(Entries provided Opens)

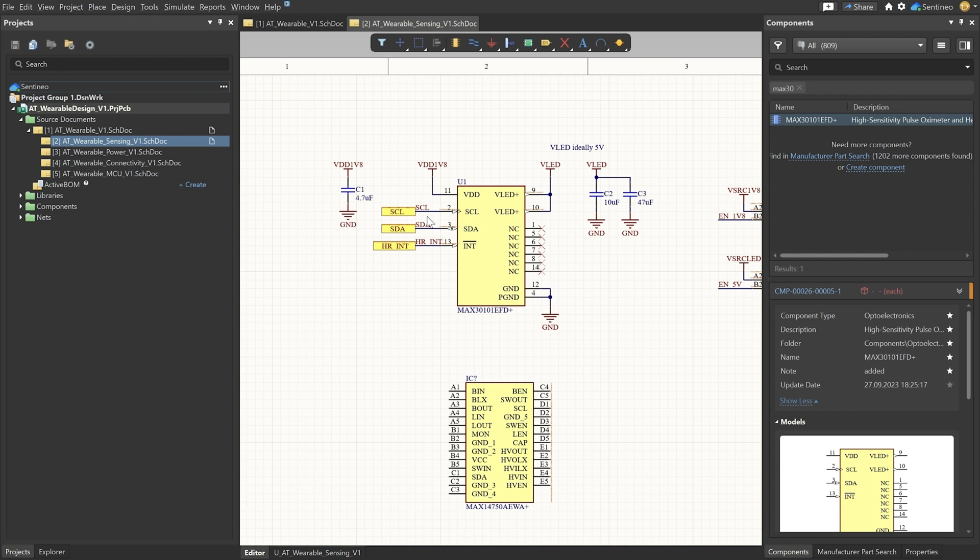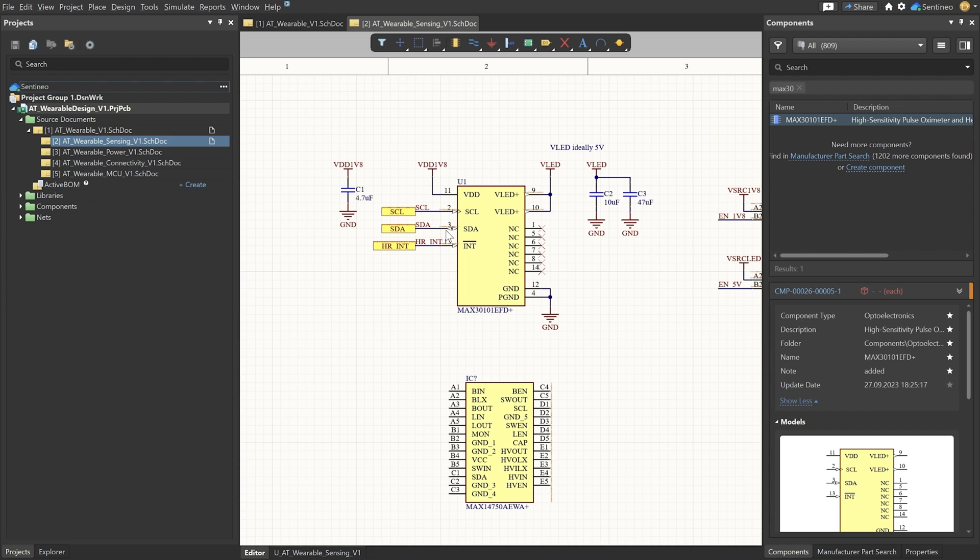There will be pull-ups needed on both the I2C lines and also on the interrupt line. But they will be tied to an external voltage, depending on the microcontroller voltage that we're going to use. We will tackle that in a later video. So for now, I have just foreseen ports. It will come externally and will handle these things externally in another schematic doc. Most important thing in the sensing schematic doc is that the sensor is in there.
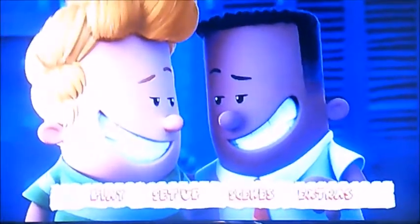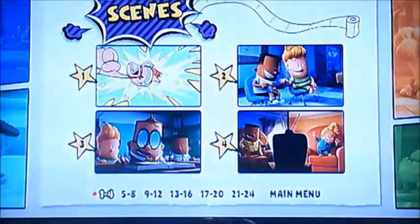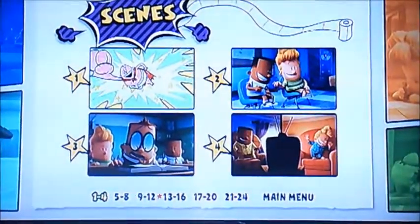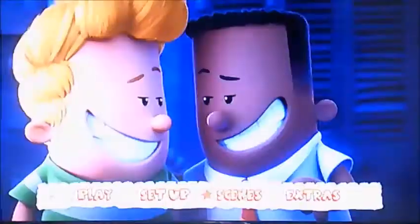And moving on to scene selection next. It's got 24 chapters on this one.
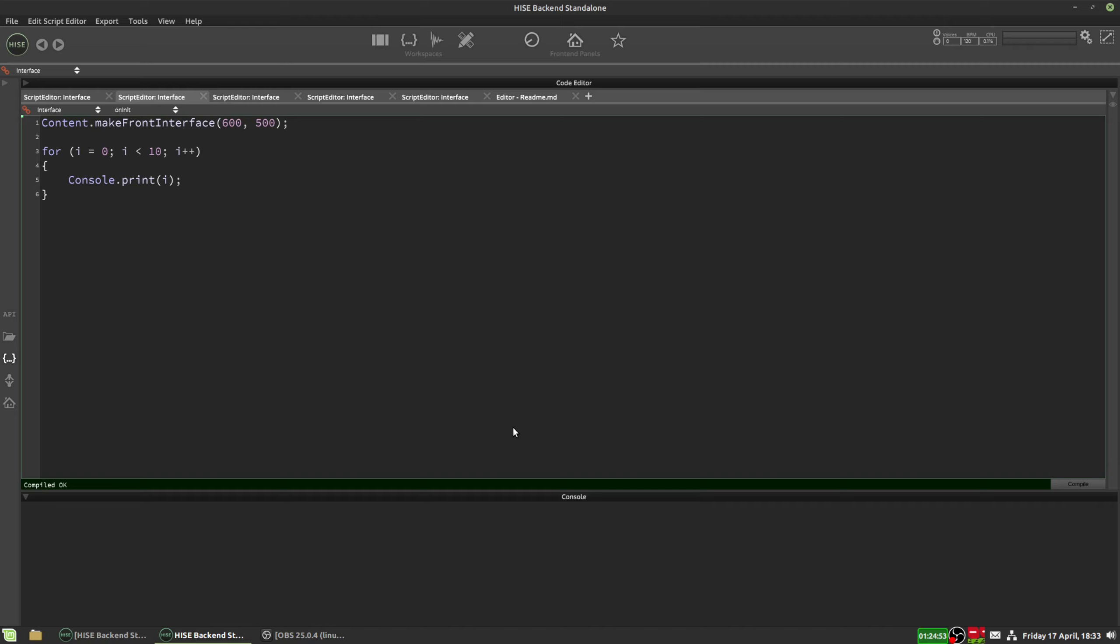Hi, in this video I just want to share with you the continue keyword, which I find really useful. This function is used in a loop when you want to skip certain cycles of the loop.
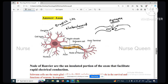Myelin sheath — it is a fatty material that acts as an insulator and conductor to speed up the process of communication. So myelin sheath is a fatty material that acts as an insulator and conductor.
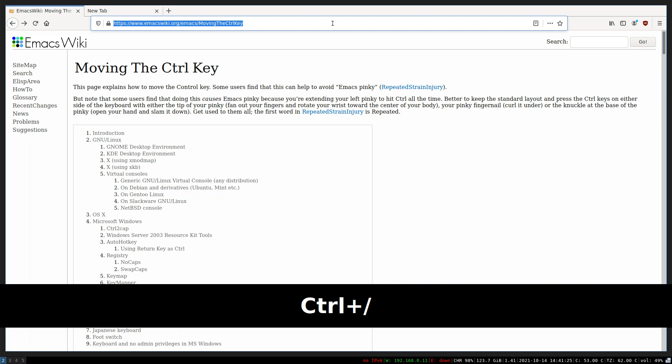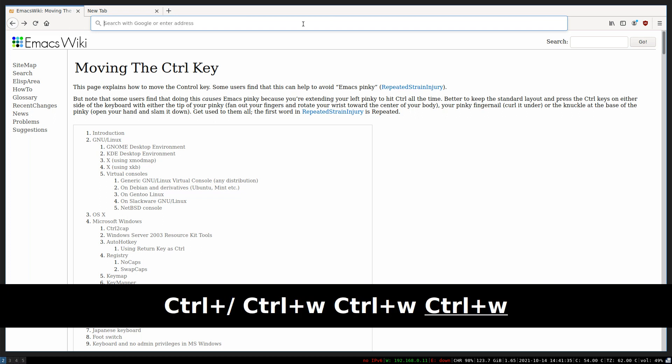The same applies for other hotkeys as well. For example, if I want to close the current tab, usually I can press Ctrl+W, but in this case, pressing Ctrl+W doesn't do anything.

(Entries provided Closes)

Problem to work on:
This exercise asks for an exact copy of the lines from the first one in the data through the line that contains "Hi, in this", pictures excluded.

Written solution:
There will be pull-ups needed on both the I2C lines and also on the interrupt line. But they will be tied to an external voltage, depending on the microcontroller voltage that we're going to use. We will tackle that in a later video. So for now, I have just foreseen ports. It will come externally and will handle these things externally in another schematic doc. Most important thing in the sensing schematic doc is that the sensor is in there.
And moving on to scene selection next. It's got 24 chapters on this one.
Hi, in this video I just want to share with you the continue keyword, which I find really useful. This function is used in a loop when you want to skip certain cycles of the loop.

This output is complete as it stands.